In the New Testament, the KJV uses “holy Spirit” (lower case “h” and upper case “S”) in Ephesians 1:13, 4:30, and 1 Thessalonians 4:8. In these verses, the context is the Spirit of God (or of the Father), and the KJV translators determined that this was different from the third Person of the Trinity. In fact, even today we would never hear the words “Holy Ghost of God” or “Holy Ghost of the Father,” and would intuitively know that this would be problematic speech. There is a “spirit of the living God” and a “Holy Ghost,” and we should keep these separate.
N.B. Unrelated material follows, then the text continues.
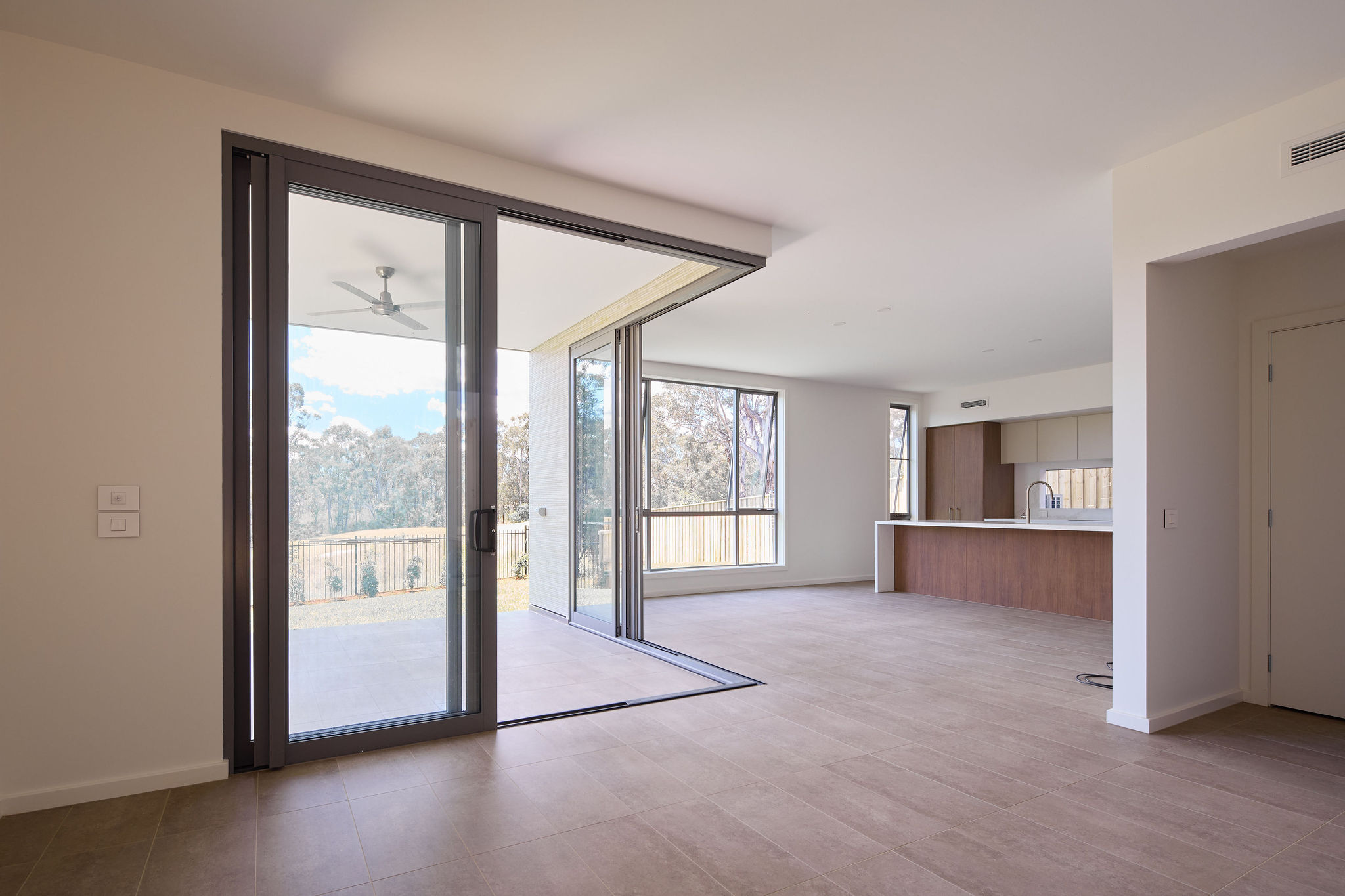 SHAWOOD at Bingara Gorge - Wilton - Lot 98 Living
The final New Testament use of Spirit is Luke 11:13, where the KJV says, “…how much more shall your heavenly Father give the Holy Spirit to them that ask him?” At first glance, one would see this as an inconsistency with the KJV pattern. For one, it is the only passage in which “Holy Spirit” is completely capitalized, and thus a clear reference to the Holy Ghost. In addition, this appears to be a reference to the promised sending of the Holy Ghost. Why would the KJV not use the term “Holy Ghost” in this verse? For understanding, a little historical digging proves valuable. First, we see that there is a close reference to the “heavenly Father,” and it appears that the 1611 KJV translators originally viewed this as the Father sending His holy Spirit and not the sending of the Holy Ghost. However, the capitalization of both words indicates the third Person rather than the Father’s spirit. But in the original 1611 version, you will find the capitalization as “holy Spirit,” in the same manner as the other three “Spirit” translations in the New Testament. Only in later editions of the KJV did editors determine that this was more likely a reference to the Holy Spirit than a holy Spirit, and they made a capitalization change but not a word change to show their editorial opinion.
Advantages of the KJV precision
About four years ago, I began to abandon the NASB (which I had used for 25 years) and adopted the KJV. One of the biggest reasons I did this is because I noted a precision in the KJV that simply isn’t available in any other translation. This is an example of that precision. Not all pneuma is the same, and a direct translation may not, in this case, be the most accurate translation.
I am going to “retrain my tongue” to use the term “Holy Ghost” when referring to the third Person of the Trinity, and using the word “spirit” when referring to the “spirit of the Lord.” It is not the first time I have had to work hard to retrain the tongue to rid myself of modern, evangelical pablum (or outright error). You may not choose to follow me in your own references to the third Person of the Trinity, and I won’t be offended. But as for me, I will use the term Holy Ghost.
And, once again, I will rejoice that the Bible is inexhaustible in its treasures!